PROMPT :: Hand back, word for word, the lines from the one containing "Product Cover JMLLYCO" to the end of the records, both included, and leave out pictures.

INPUT DATA ::
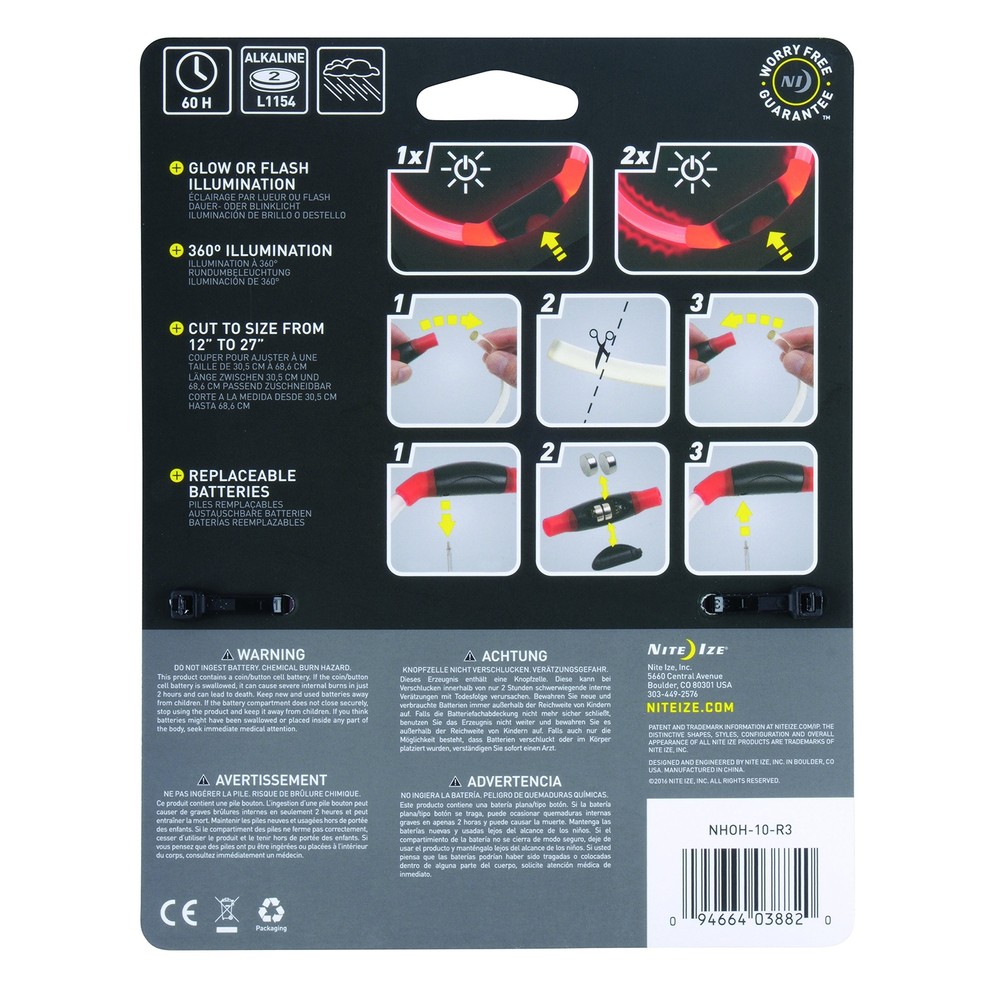 Nite Ize NiteLife LED Necklace 2 Pack Red Glows Flashes, Replaceable Batteries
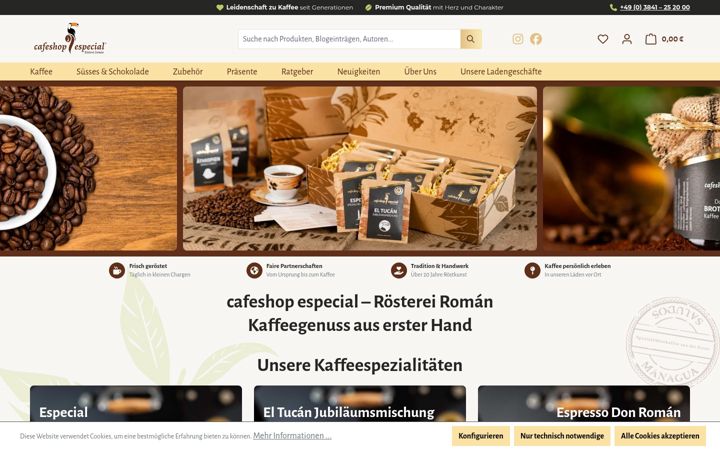 Screenshot of cafeshop-especial.de
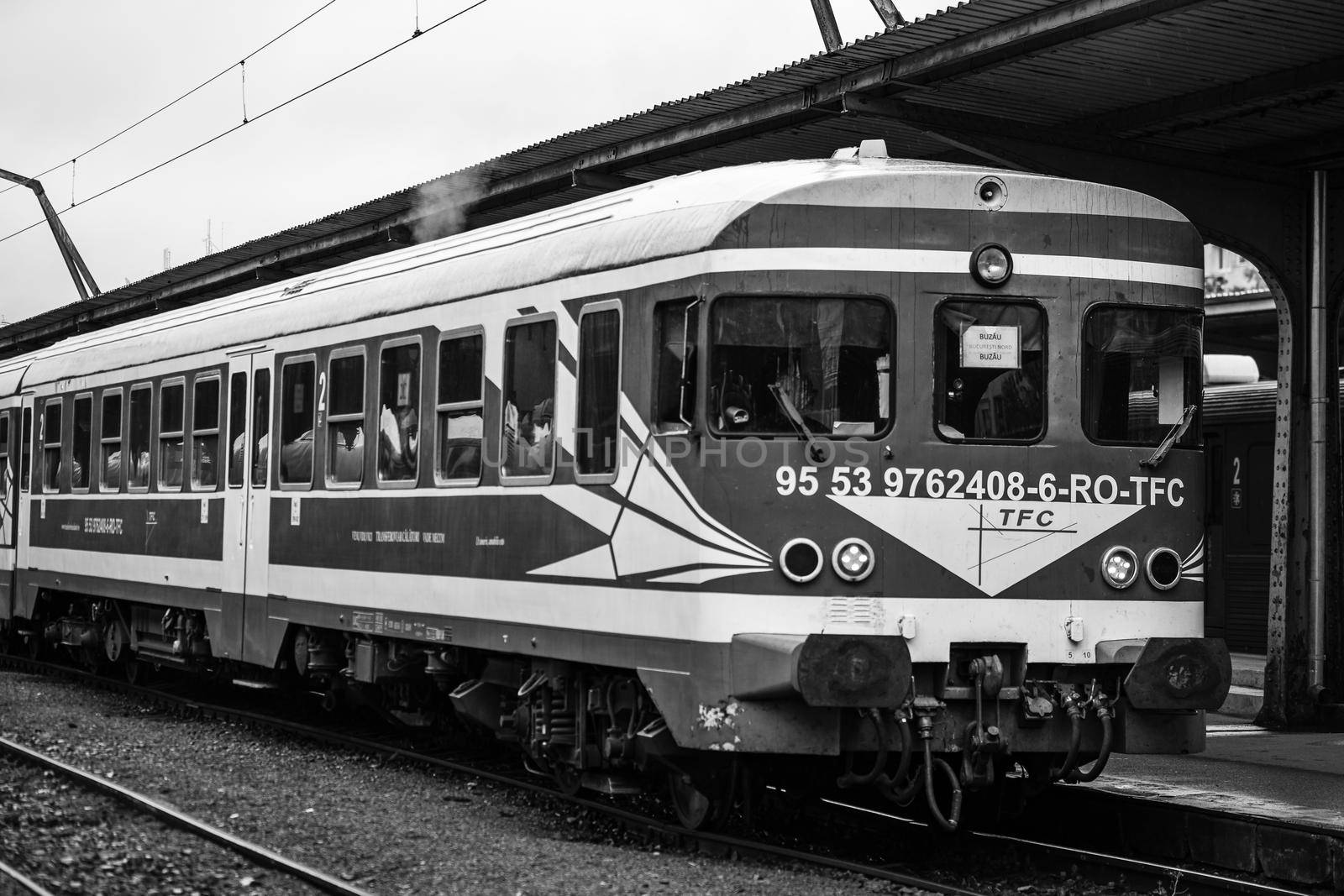 Train at Bucharest North Railway Station (Gara de Nord Bucharest) Romania, 2022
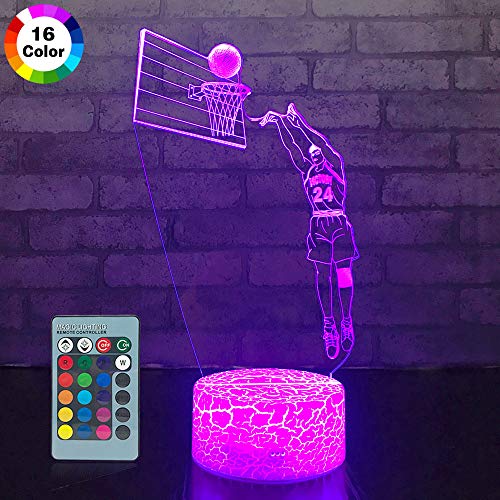 Product Cover JMLLYCO Basketball lamp, Basketball Gifts 16 Colors Change with Remote Control 3D Optical Illusion Basketball Decor Light As a Gift Ideas for Baby Boys Birthday Gifts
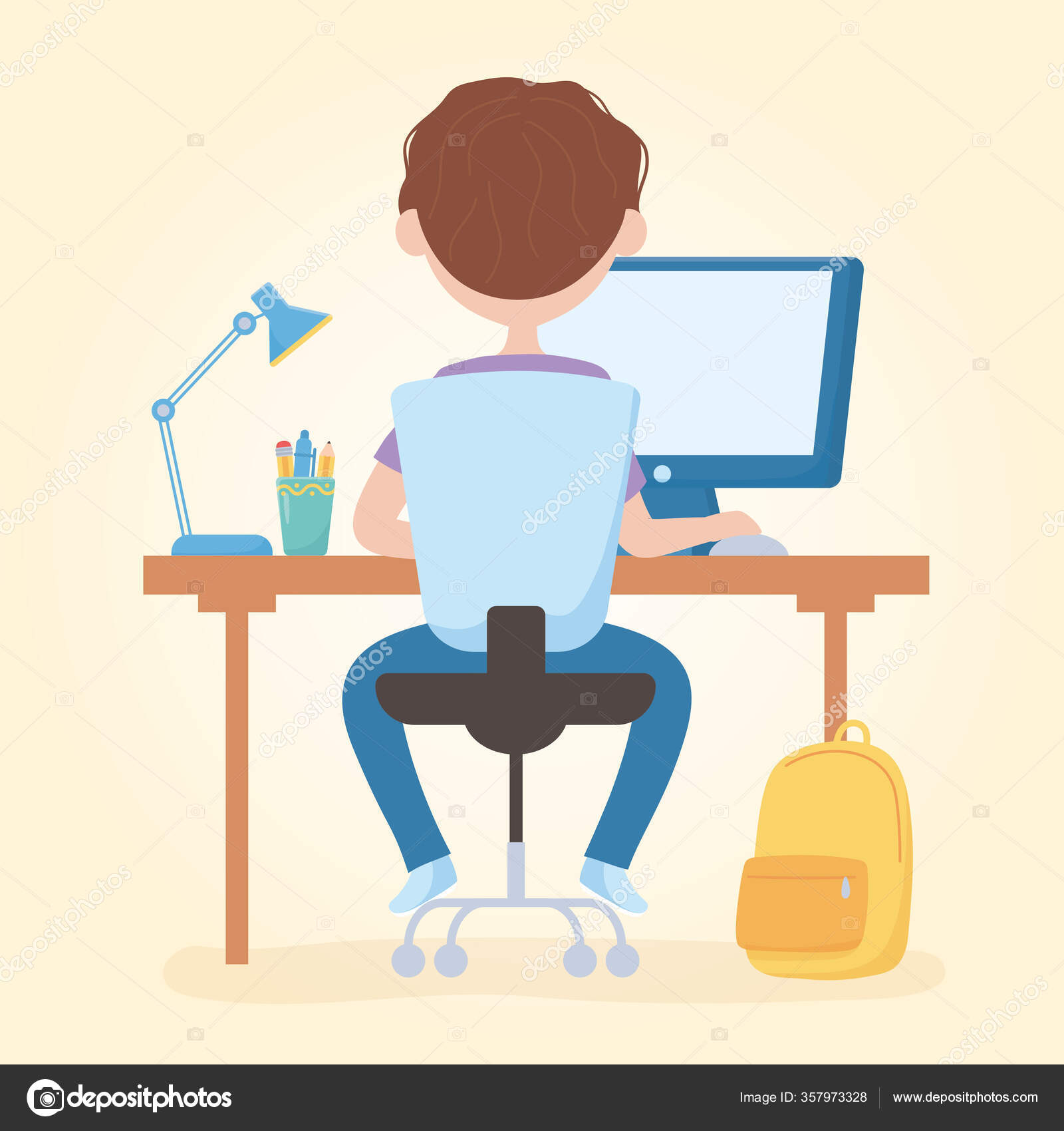 wallpapers Boy Sitting On Chair Back View depositphotos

RESPONSE ::
 Product Cover JMLLYCO Basketball lamp, Basketball Gifts 16 Colors Change with Remote Control 3D Optical Illusion Basketball Decor Light As a Gift Ideas for Baby Boys Birthday Gifts
 wallpapers Boy Sitting On Chair Back View depositphotos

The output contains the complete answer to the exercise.